Der «eingefrorene» Zypernkonflikt
Die Frage, ob sich die britische Kronkolonie Zypern nach ihrer Unabhängigkeit im Jahr 1960 Griechenland anschliessen durfte, wie es die überwältigende Bevölkerungsmehrheit von rund 80 Prozent damals wünschte, hatte zunächst zu blutigen Kämpfen zwischen der griechischen Mehrheit und der türkischen Minderheit geführt. Die Inseltürken wurden mehr und mehr in isolierten Exklaven zusammengepfercht. Im Jahr 1974 putschten die griechischen Obristen gegen den ersten legitimen Präsidenten Zyperns, Erzbischof Makarios III.
Wie sich später herausstellte, waren die Obristen dazu vom damaligen US-Aussenminister Kissinger offen ermuntert worden.
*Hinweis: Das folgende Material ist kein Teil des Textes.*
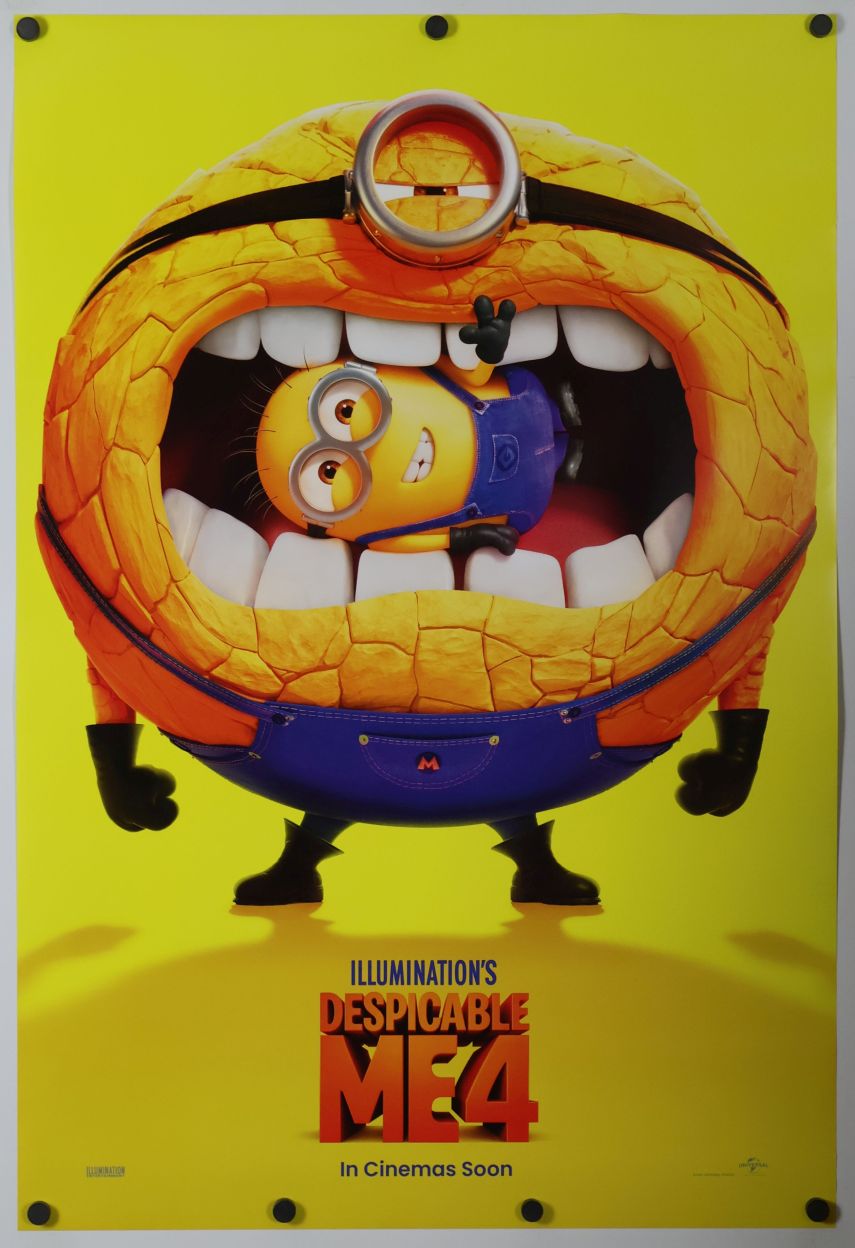 Despicable Me 4 (2024) original theatrical movie poster - International Advance B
Makarios stand der Bewegung der Blockfreien nah – aus Sicht Washingtons offenbar zu nah.
Den misslungenen Putsch der griechischen Obristen nahm Ankara zum Anlass, um neue Tatsachen vor Ort zu schaffen: 40 Prozent der Mittelmeerinsel wurden besetzt und ein Bevölkerungsaustausch erzwungen. Alle Inseltürken mussten sich im Norden der Insel niederlassen und alle Inselgriechen im Süden. Es handelte sich um den ersten Krieg in Europa nach dem Zweiten Weltkrieg.
Seitdem teilt eine Demarkationslinie die Mittelmeerinsel von Osten bis Westen in einen türkischen Norden und einen griechischen Süden. Im Jahr 1983 wurde im Norden die Türkische Republik Nordzyperns (KKTC) ausgerufen und einzig von Ankara anerkannt. Völkerrechtlich gilt die KKTC als ein von türkischen Soldaten besetztes Land.
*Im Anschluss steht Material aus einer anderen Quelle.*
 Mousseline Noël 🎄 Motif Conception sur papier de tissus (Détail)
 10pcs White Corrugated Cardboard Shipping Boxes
Der Zypernkonflikt hat die beiden NATO-Mitglieder Griechenland und Türkei zu erbitterten Feinden gemacht. Seit 1974 findet ein zermürbendes Wettrüsten dies- und jenseits der Ägäis statt.
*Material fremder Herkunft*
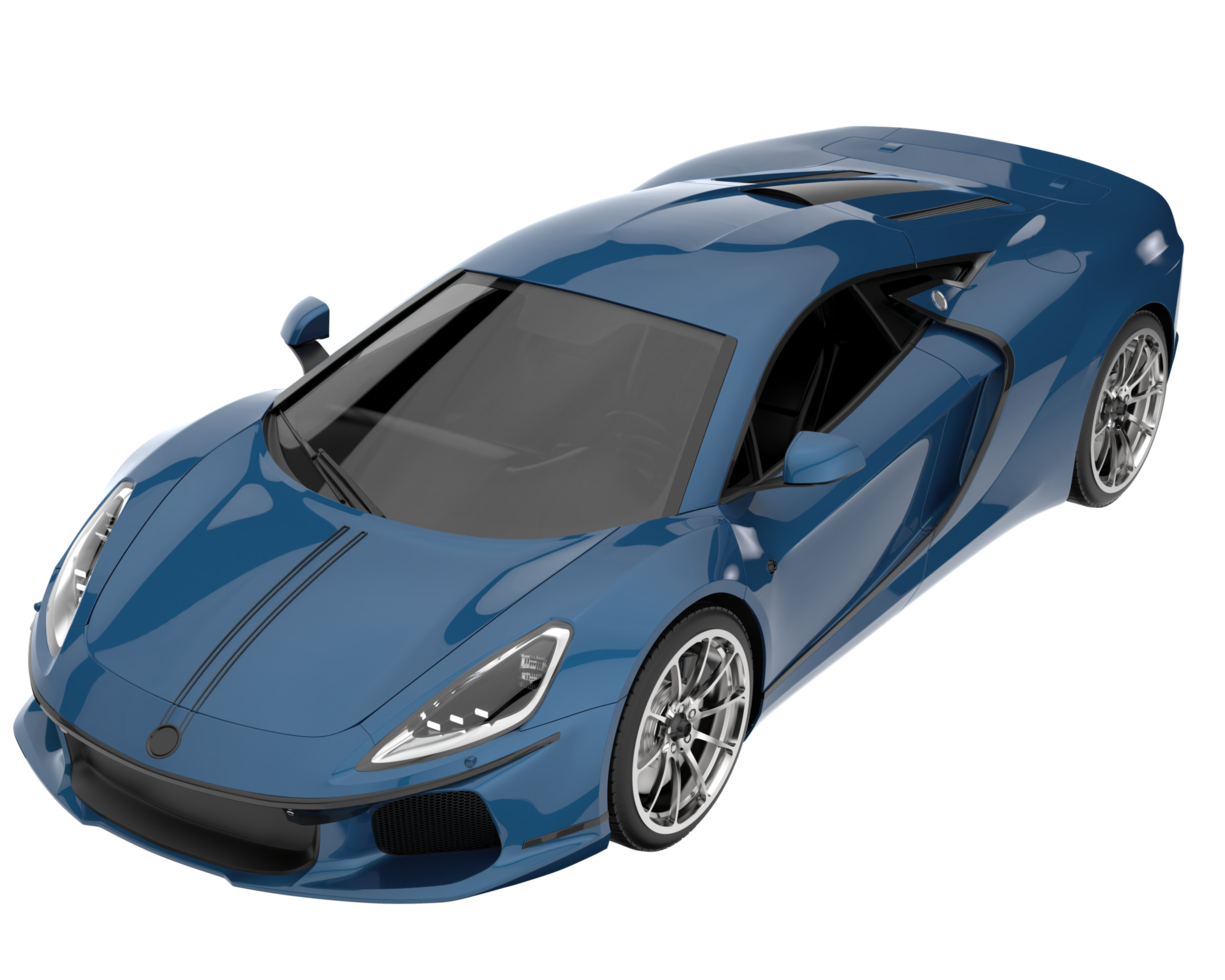 Sport car isolated on transparent background. 3d rendering - illustration png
Der Plan von Erdoğan und Ersin Tatar, die bestehende De-facto-Teilung auch de jure zu vollziehen, wurde letzten Sonntag von den Wählern zumindest vorläufig vereitelt. Wie Augenzeugen berichten, macht sich erstmals wieder Hoffnung auf eine Annäherung und Entspannung breit.